Upon de novo review of the R&R, and upon careful consideration of the New York Defendants' objections pertaining to the grant of summary judgment in favor of Martal dismissing the above affirmative defenses and counterclaims of Jacob and Rachel Aini, and plaintiff's response thereto, the objections are overruled, this branch of the R&R is accepted and the second, fourth, eighth, eleventh, fourteenth and fifteenth affirmative defenses and counterclaims of Jacob and Rachel Aini are dismissed.

3. The Florida Defendants' Cross Motion for Summary Judgment

The Florida Defendants contend that Magistrate Judge Orenstein's finding that there is a question of fact regarding whether IBE-FL was acting in concert with the New York Defendants to distribute and sell counterfeit Symba Soap and Symba Cream is clearly erroneous because it is based upon pure speculation and conjecture.

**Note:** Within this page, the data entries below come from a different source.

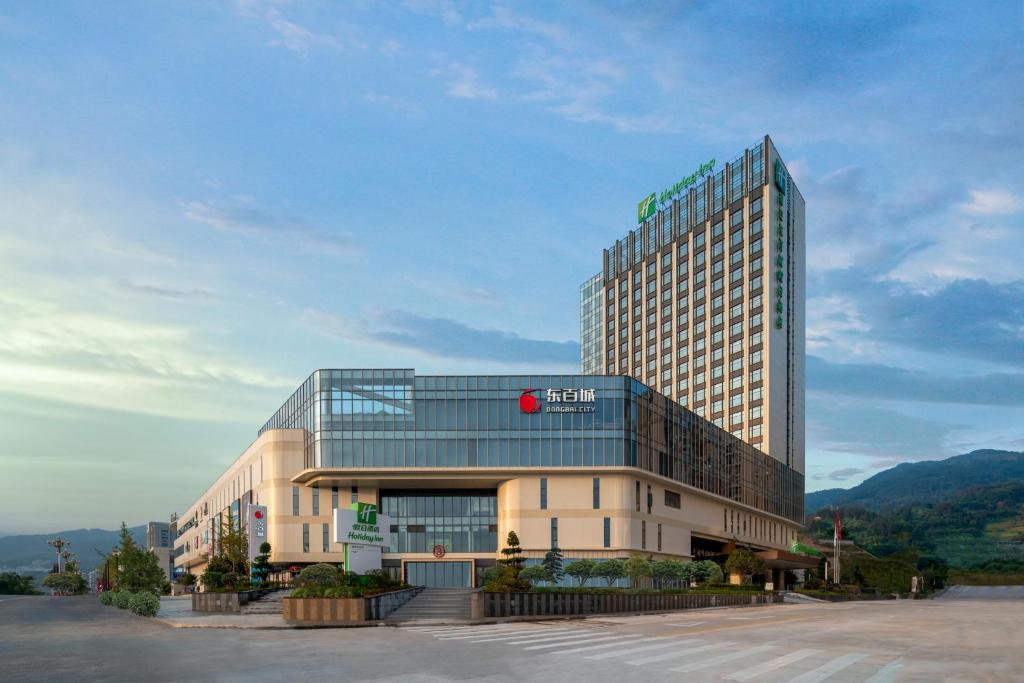 Nespecifikovaný výhled na hory nebo výhled na hory při pohledu z hotelu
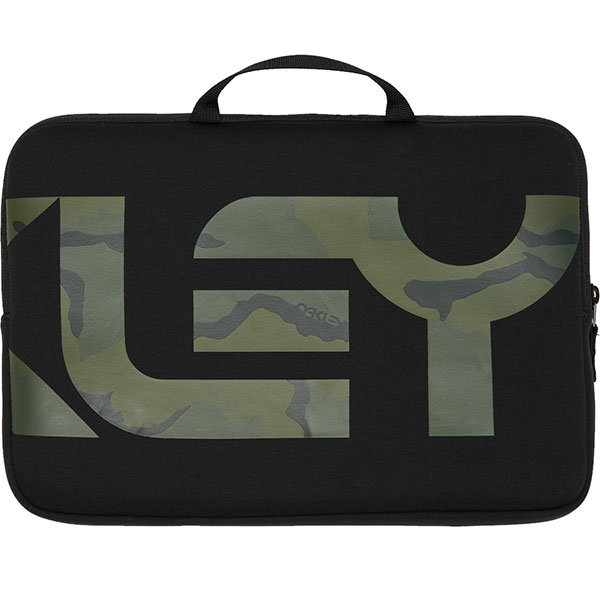 oakley_luggage_b1b-laptop-case_black-camo-hunter_detail1.jpg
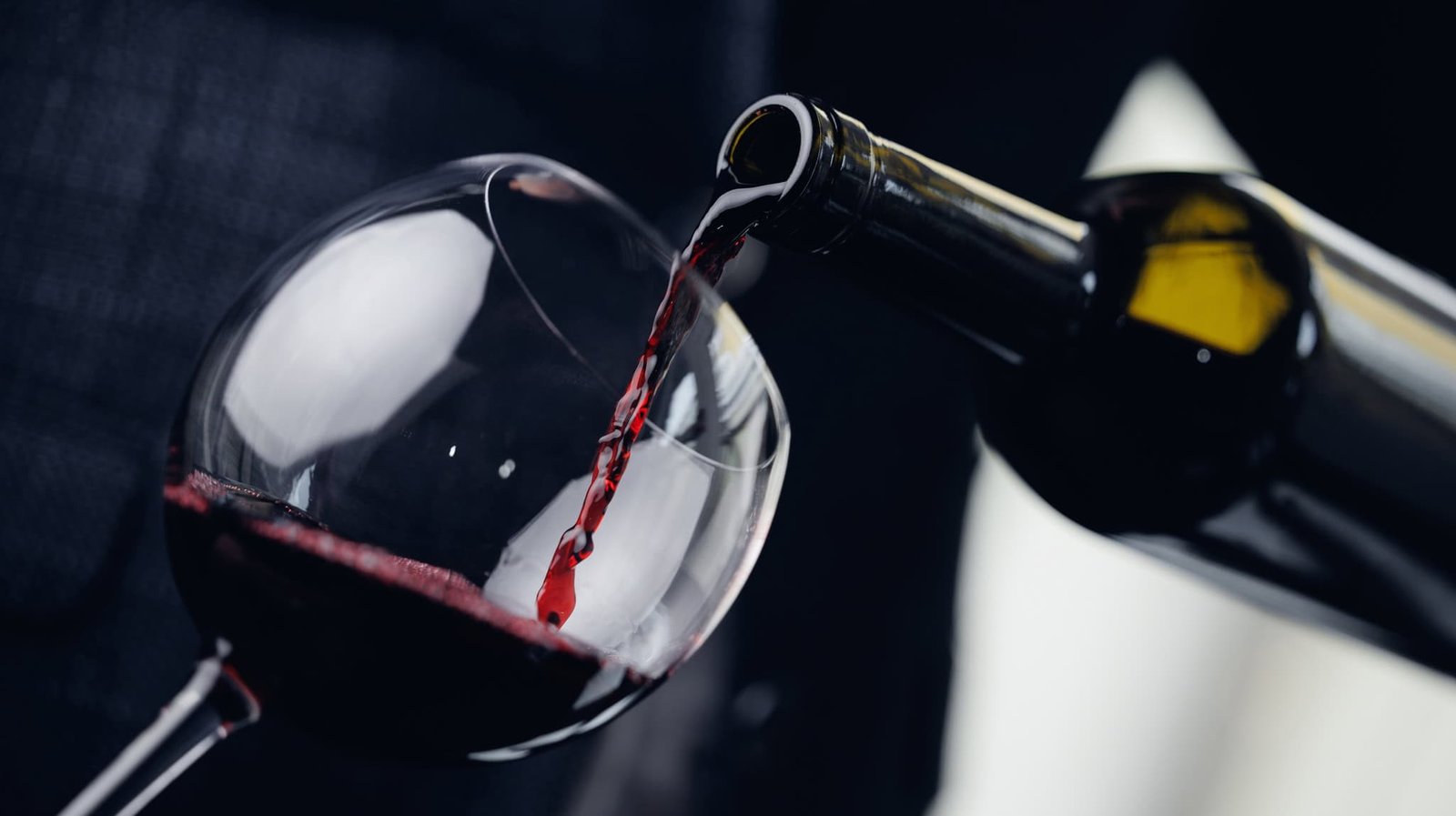 nova-tecnologia-brasileira-identifica-conservante-proibido-em-agua,-suco-e-vinho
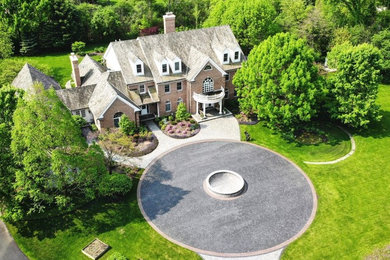 This is an example of a large traditional front yard driveway in Chicago.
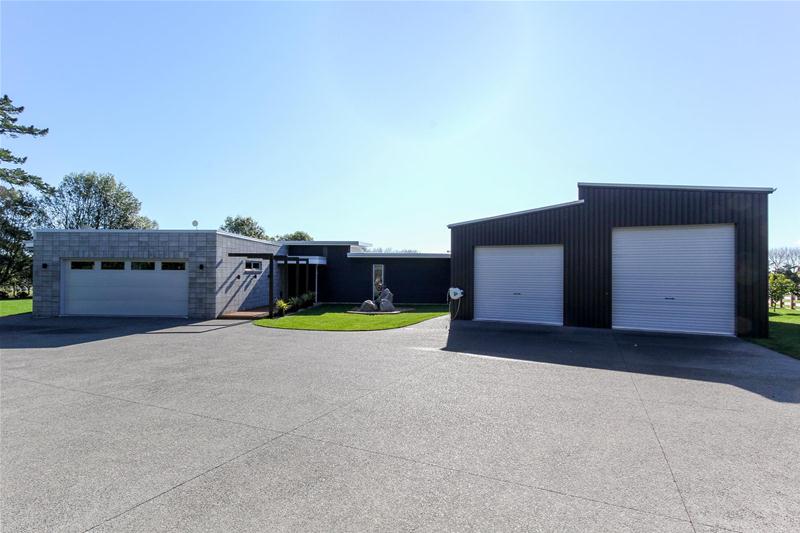 1311 Egmont Road, Egmont Village, Inglewood - Carousel 2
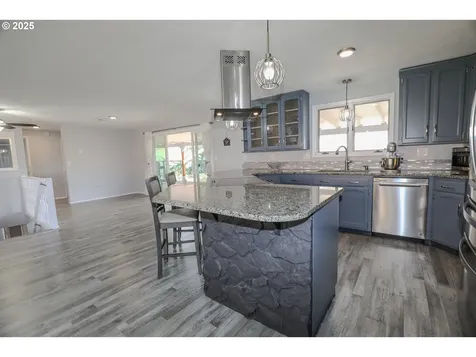 1781 NE Beulah Drive Roseburg OR 97470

Upon de novo review of the R&R, and upon careful consideration of the Florida Defendants' objections pertaining to the denial of their cross motion for summary judgment, and plaintiff's response thereto, the objections are overruled, this branch of the R&R is accepted and the Florida Defendants' cross motion for summary judgment is denied in its entirety.

C. Plaintiff's Objections

Plaintiff objects only to so much of the R&R as recommended that defendants be given an opportunity to prove the affirmative defense of the invalidity of the 368 Registration pertaining to Symba Cream "by a preponderance of the evidence." According to plaintiff, the correct burden of proof is "clear and convincing evidence."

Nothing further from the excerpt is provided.